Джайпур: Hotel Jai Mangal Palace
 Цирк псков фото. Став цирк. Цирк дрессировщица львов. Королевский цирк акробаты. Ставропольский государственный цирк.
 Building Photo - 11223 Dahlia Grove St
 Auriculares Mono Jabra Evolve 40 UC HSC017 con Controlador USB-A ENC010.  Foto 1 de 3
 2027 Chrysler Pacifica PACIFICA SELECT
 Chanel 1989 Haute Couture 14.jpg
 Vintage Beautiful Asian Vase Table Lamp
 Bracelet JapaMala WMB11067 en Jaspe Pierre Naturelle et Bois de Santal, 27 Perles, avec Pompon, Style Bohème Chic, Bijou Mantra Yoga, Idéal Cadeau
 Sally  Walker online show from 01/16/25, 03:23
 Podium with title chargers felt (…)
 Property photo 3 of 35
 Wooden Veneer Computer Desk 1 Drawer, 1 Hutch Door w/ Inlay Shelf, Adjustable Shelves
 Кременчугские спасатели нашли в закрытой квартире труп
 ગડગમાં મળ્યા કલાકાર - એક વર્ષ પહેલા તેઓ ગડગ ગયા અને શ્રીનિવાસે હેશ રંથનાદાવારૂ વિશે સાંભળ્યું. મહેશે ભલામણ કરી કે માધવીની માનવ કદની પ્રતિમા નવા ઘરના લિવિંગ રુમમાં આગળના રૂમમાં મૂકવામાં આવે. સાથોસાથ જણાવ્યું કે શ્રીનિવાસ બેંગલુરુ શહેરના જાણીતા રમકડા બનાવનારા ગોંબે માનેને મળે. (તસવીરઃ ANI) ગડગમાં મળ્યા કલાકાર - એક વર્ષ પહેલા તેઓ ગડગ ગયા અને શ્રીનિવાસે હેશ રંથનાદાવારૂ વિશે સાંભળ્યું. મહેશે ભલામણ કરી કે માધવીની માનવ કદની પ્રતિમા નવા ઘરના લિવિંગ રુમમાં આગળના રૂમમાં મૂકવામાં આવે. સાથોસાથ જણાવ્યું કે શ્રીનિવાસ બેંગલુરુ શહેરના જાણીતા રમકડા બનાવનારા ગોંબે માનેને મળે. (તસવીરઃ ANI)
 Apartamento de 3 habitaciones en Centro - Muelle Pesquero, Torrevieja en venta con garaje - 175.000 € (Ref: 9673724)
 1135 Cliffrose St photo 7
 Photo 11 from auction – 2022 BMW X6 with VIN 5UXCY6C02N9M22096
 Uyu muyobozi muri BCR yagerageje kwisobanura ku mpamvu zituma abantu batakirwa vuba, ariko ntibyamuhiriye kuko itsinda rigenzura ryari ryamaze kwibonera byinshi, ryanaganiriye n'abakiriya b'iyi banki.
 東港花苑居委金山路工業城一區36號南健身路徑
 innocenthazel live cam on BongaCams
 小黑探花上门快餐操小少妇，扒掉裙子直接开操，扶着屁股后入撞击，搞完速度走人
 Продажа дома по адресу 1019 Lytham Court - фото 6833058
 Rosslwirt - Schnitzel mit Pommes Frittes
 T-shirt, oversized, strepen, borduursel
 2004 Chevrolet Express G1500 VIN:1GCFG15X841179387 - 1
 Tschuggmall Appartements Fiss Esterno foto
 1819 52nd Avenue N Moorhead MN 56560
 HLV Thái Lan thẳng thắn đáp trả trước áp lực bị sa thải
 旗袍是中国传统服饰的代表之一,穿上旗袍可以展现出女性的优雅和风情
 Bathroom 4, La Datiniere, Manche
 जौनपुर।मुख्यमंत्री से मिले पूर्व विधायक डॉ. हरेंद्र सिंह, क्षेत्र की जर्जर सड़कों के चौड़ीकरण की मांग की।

===============

To do ▸ Please repeat the material in full, keeping it exact.

Output of the exercise ▸
Джайпур: Hotel Jai Mangal Palace
 Цирк псков фото. Став цирк. Цирк дрессировщица львов. Королевский цирк акробаты. Ставропольский государственный цирк.
 Building Photo - 11223 Dahlia Grove St
 Auriculares Mono Jabra Evolve 40 UC HSC017 con Controlador USB-A ENC010.  Foto 1 de 3
 2027 Chrysler Pacifica PACIFICA SELECT
 Chanel 1989 Haute Couture 14.jpg
 Vintage Beautiful Asian Vase Table Lamp
 Bracelet JapaMala WMB11067 en Jaspe Pierre Naturelle et Bois de Santal, 27 Perles, avec Pompon, Style Bohème Chic, Bijou Mantra Yoga, Idéal Cadeau
 Sally  Walker online show from 01/16/25, 03:23
 Podium with title chargers felt (…)
 Property photo 3 of 35
 Wooden Veneer Computer Desk 1 Drawer, 1 Hutch Door w/ Inlay Shelf, Adjustable Shelves
 Кременчугские спасатели нашли в закрытой квартире труп
 ગડગમાં મળ્યા કલાકાર - એક વર્ષ પહેલા તેઓ ગડગ ગયા અને શ્રીનિવાસે હેશ રંથનાદાવારૂ વિશે સાંભળ્યું. મહેશે ભલામણ કરી કે માધવીની માનવ કદની પ્રતિમા નવા ઘરના લિવિંગ રુમમાં આગળના રૂમમાં મૂકવામાં આવે. સાથોસાથ જણાવ્યું કે શ્રીનિવાસ બેંગલુરુ શહેરના જાણીતા રમકડા બનાવનારા ગોંબે માનેને મળે. (તસવીરઃ ANI) ગડગમાં મળ્યા કલાકાર - એક વર્ષ પહેલા તેઓ ગડગ ગયા અને શ્રીનિવાસે હેશ રંથનાદાવારૂ વિશે સાંભળ્યું. મહેશે ભલામણ કરી કે માધવીની માનવ કદની પ્રતિમા નવા ઘરના લિવિંગ રુમમાં આગળના રૂમમાં મૂકવામાં આવે. સાથોસાથ જણાવ્યું કે શ્રીનિવાસ બેંગલુરુ શહેરના જાણીતા રમકડા બનાવનારા ગોંબે માનેને મળે. (તસવીરઃ ANI)
 Apartamento de 3 habitaciones en Centro - Muelle Pesquero, Torrevieja en venta con garaje - 175.000 € (Ref: 9673724)
 1135 Cliffrose St photo 7
 Photo 11 from auction – 2022 BMW X6 with VIN 5UXCY6C02N9M22096
 Uyu muyobozi muri BCR yagerageje kwisobanura ku mpamvu zituma abantu batakirwa vuba, ariko ntibyamuhiriye kuko itsinda rigenzura ryari ryamaze kwibonera byinshi, ryanaganiriye n'abakiriya b'iyi banki.
 東港花苑居委金山路工業城一區36號南健身路徑
 innocenthazel live cam on BongaCams
 小黑探花上门快餐操小少妇，扒掉裙子直接开操，扶着屁股后入撞击，搞完速度走人
 Продажа дома по адресу 1019 Lytham Court - фото 6833058
 Rosslwirt - Schnitzel mit Pommes Frittes
 T-shirt, oversized, strepen, borduursel
 2004 Chevrolet Express G1500 VIN:1GCFG15X841179387 - 1
 Tschuggmall Appartements Fiss Esterno foto
 1819 52nd Avenue N Moorhead MN 56560
 HLV Thái Lan thẳng thắn đáp trả trước áp lực bị sa thải
 旗袍是中国传统服饰的代表之一,穿上旗袍可以展现出女性的优雅和风情
 Bathroom 4, La Datiniere, Manche
 जौनपुर।मुख्यमंत्री से मिले पूर्व विधायक डॉ. हरेंद्र सिंह, क्षेत्र की जर्जर सड़कों के चौड़ीकरण की मांग की।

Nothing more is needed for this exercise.